Monetary Equilibrium and the Polish Economic Transformation

5.4 New Money Needs

5.4.2 Money for Expanding Capital and Liquidity Reserves

In the centrally planned economy, no capital reserves were necessary. It was enough to maintain only a very small amount of money to avoid troubles with a temporary lack of liquidity. Shortage of money was not the most significant problem for the enterprises, even if the liquidity problems have occurred (see above). Yet, in creating the market economy it became necessary to create the capital for the basic economic institutions. It may seem beyond the imagination of Western observers that enterprises, banks, and other economic agents could actually exist without capital, but it was the case. Nonetheless, they did require some artificial constructions on the passive side of their balance sheet, but such a formal problem did not pose a threat to their continued existence. Unfortunately, these constructions could not be transformed into real capital resources once the centrally planned system collapsed.

Previously, the state was treated as the omnipotent institution by politicians and the population and, as a result, no capital was necessary to ensure any obligation of financial bodies. Consequently, the state was responsible for control over their business and for supplying enough money to cover needs claimed by pensioners, patients in clinics, clients of the insurance firms, and so forth. All such expenditures were covered from the state or local government budgets.

The countries that have embarked on the path of market transformation should prepare many kinds of capital insurances to reduce the risk of business activity.

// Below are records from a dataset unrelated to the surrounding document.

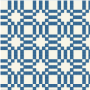 Digital paper: Latvian weaving design in blue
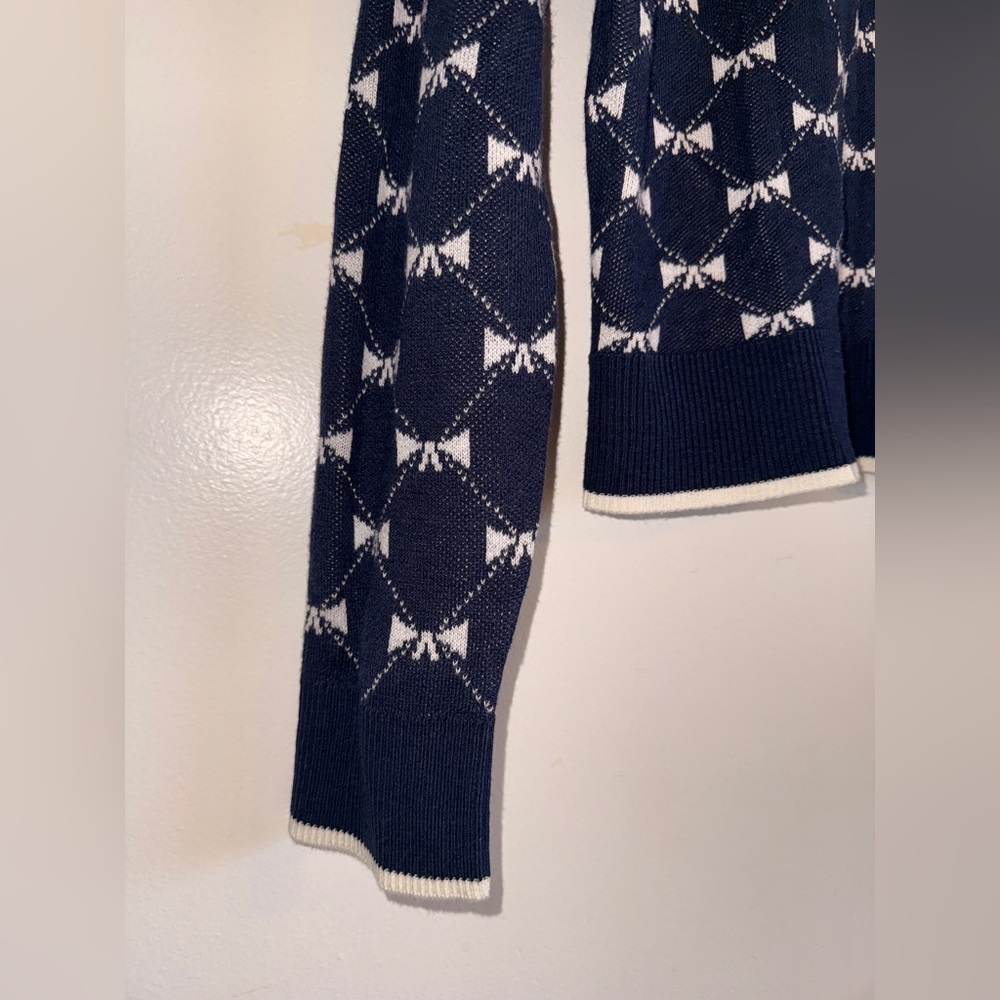 CHARTER CLUB Crewneck Cardigan bow design SIZE: MEDIUM - Picture 5 of 10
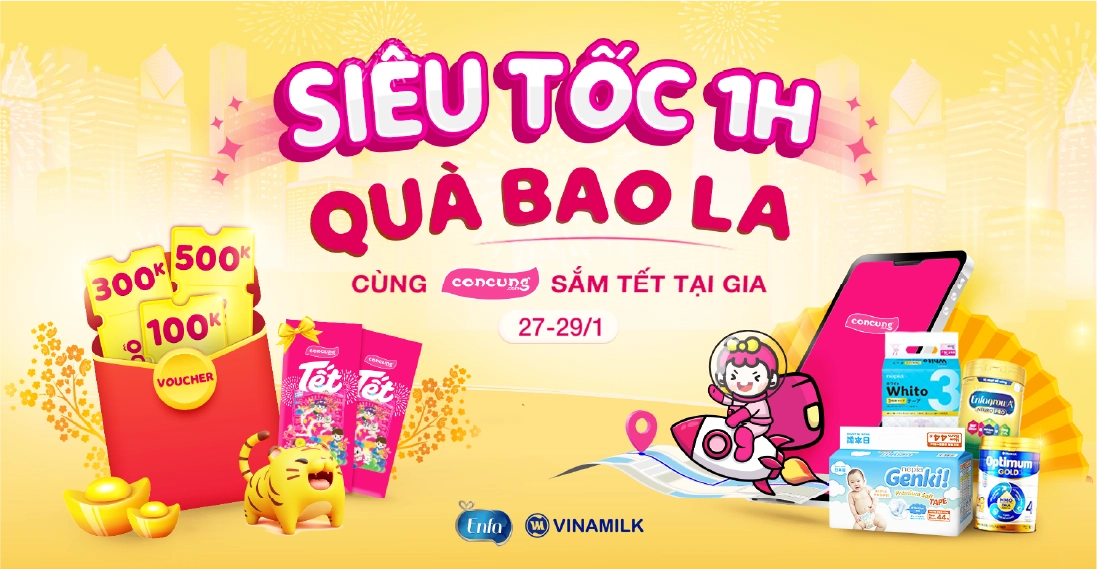  Siêu tốc 1h, quà bao la - Cùng Con Cưng sắm Tết thả ga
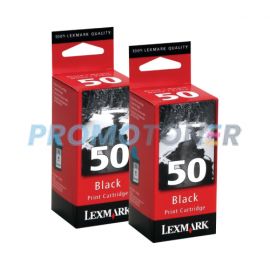 Lexmark 50 Ink Cartridge Black Pack Of 2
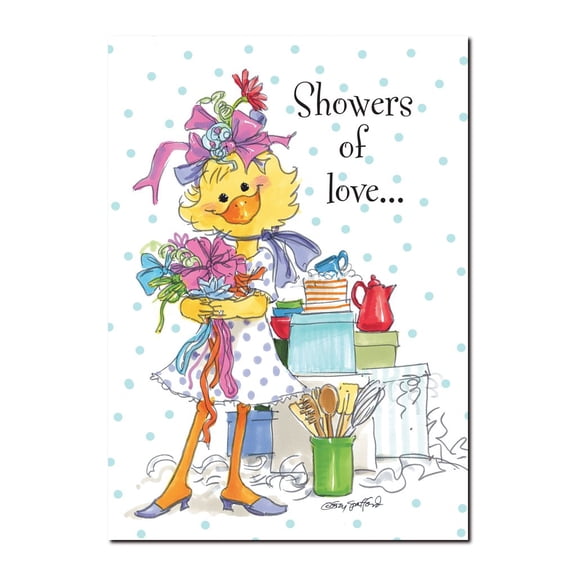 Showers of Love Wedding Greeting Card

This openness for business risk can be taken as a basic feature of the economic changes. In the emerging market economy, each institution should be ready to take some risk, otherwise no innovation can take place. This risk should be, of course, limited, but means to enable market participants to take the risk if they so desire should be guaranteed. Under the former system, the scale of risk was limited to personal responsibility. Those taking high risks were punished in the administrative way. One of the most negative features of the past methods was the lack of precise determination regarding the scale of risk permitted. This used to cause uncertainty and restricted individual activity.

The application of the market system implies releasing peoples' creativity;

thus, underlying the significance of its presence. The economic units should now

Monetary Equilibrium and the Polish Economic Transformation 99 act on their own responsibility and face disciplinary measures like bankruptcy in the event of failure. The state is not automatically obligated to help them in a difficult situation. Therefore, these units should develop their own safety system, which, in any case, should be based on their own capital. If this capital does not exist, the monetary policy should facilitate its creation.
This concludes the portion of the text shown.